Fix: recopy the 'access URL' to the 'download URL'.
10. Type of dataset
The list of types of datasets is old and not exhaustive. It was discussed in DCAT-AP group but the conclusion is that there are various dimensions of 'types' and it's impossible to create a list that would cover all cases. Some types can be useful because they can allow us to group some datasets: statistical, etc.

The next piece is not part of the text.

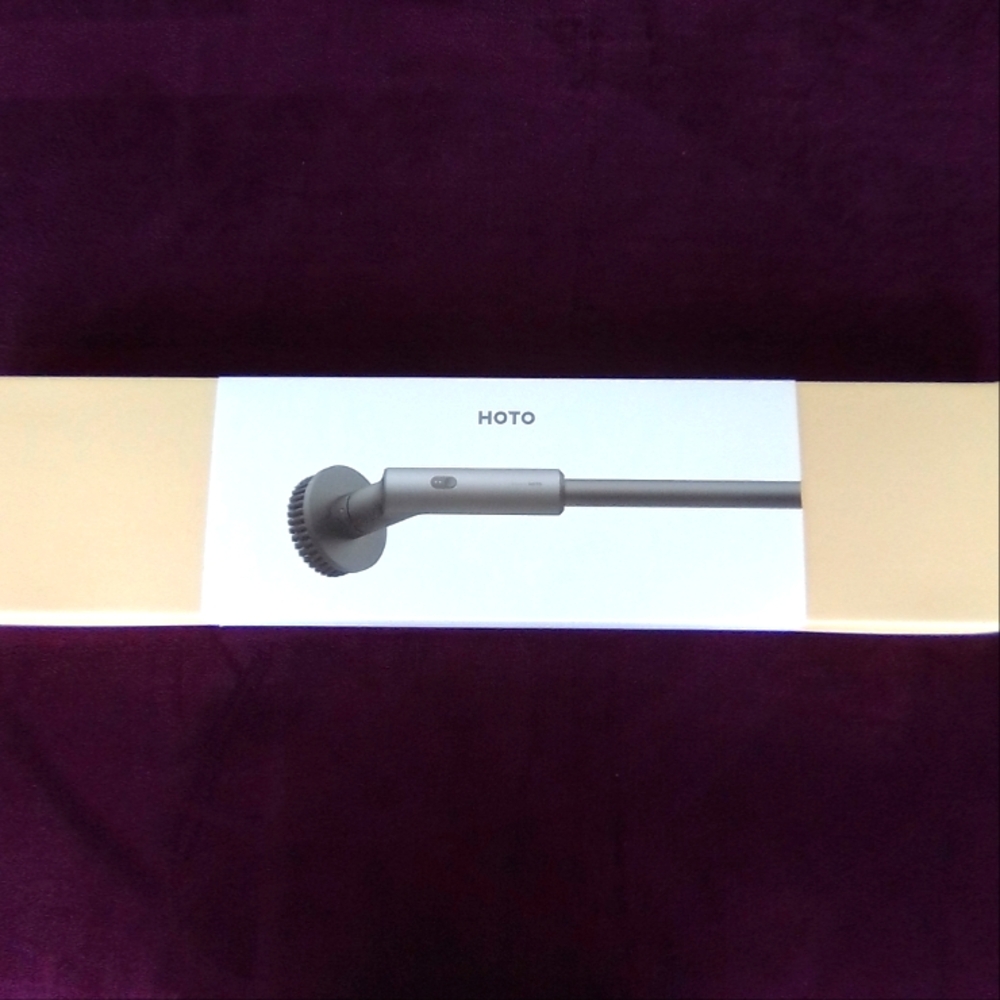 NWT HOTO Electric Cleaning Brush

11. Duplication of dataset with a DOI
In the EU ODP legacy, when you duplicate a dataset with a DOI it also duplicates the DOI. This is a bug from the old system. We will ask the consortium to make a rule that doesn't allow DOIs to be copied for the new back office.

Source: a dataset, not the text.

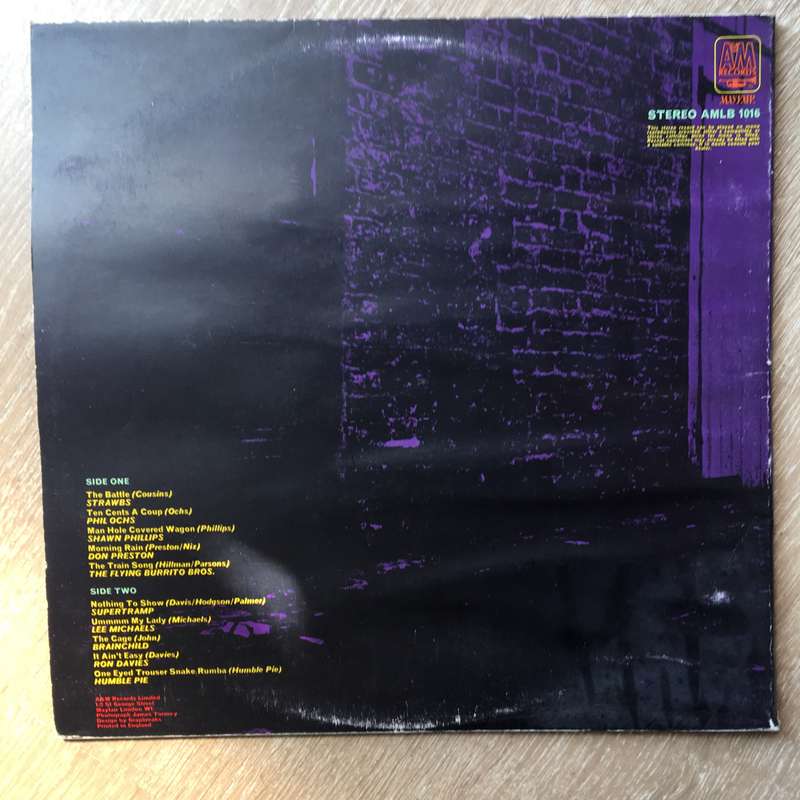 Heads In - Vinyl LP Record  - Opened  - Very-Good+ Quality (VG+)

Our advice: before duplicating a dataset, check if the dataset you want to duplicate has a DOI -- if it has one, don't duplicate it but create it from scratch.
12. Change of publisher
-
First we need to verify if the dataset changed ownership. If the same dataset moved from one publisher to another, the best practice is to modify the value for the publisher. Following the creation of sub-catalogues by publisher for the former ODP catalogue, the following steps have to be followed in order to avoid creating duplicates.
-
Save the dataset as 'DRAFT'. This will result in the dataset being removed from the portal upon re-harvesting (c. 2 hours).
-
Verify that the dataset is no longer visible on the public portal.
-
In the back office, change the publisher to the new one and save as published (allow time for re-harvesting for changes to show on portal).
-
-
If the dataset did not change ownership but the original publisher no longer exists, you may leave the dataset with the original publisher, preferably adding '[DEPRECATED]' in the title field. Note that the authority table for corporate bodies maintains the values for deprecated bodies and these are listed with an end date and their status is set to deprecated.

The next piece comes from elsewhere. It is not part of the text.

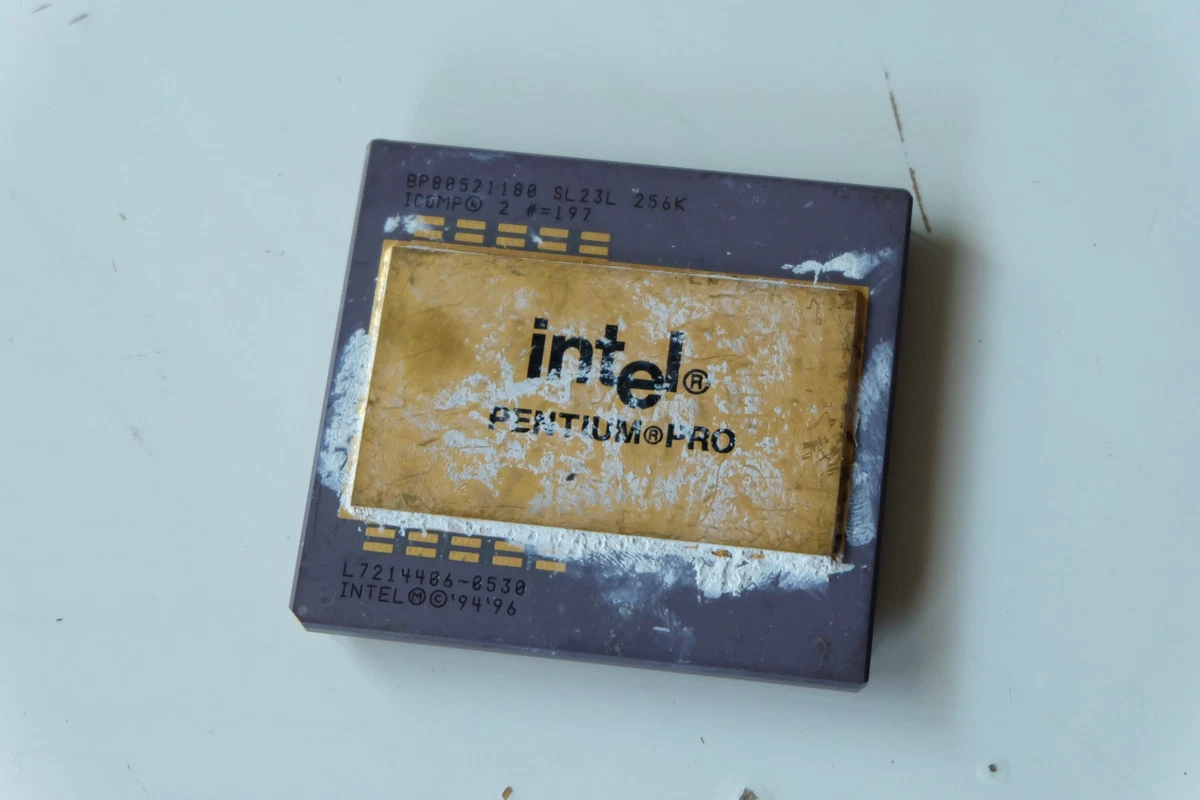 intel pentium pro cpu products for sale | eBay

13. One dataset should be in fact several datasets
See https://github.com/SEMICeu/DCAT-AP/blob/master/releases/2.1.0/usageguide-dataset-distribution-dataservice.md: 'there might be need for a granularity clarification between datasets and distributions. Commonly, at first sight, it is expected that all distributions of a dataset are indentical [sic] in content, only differing in the representation of the data.'
14. Duplication of distributions
In https://data.europa.eu/data/datasets/latest-asylum-trends?locale=en, the same distribution appears twice, once as pure 'distribution' and once as 'visualisation'. But for both of them, it is the same link.
It is, therefore, better to have only one visualisation (less duplicate data for the end user).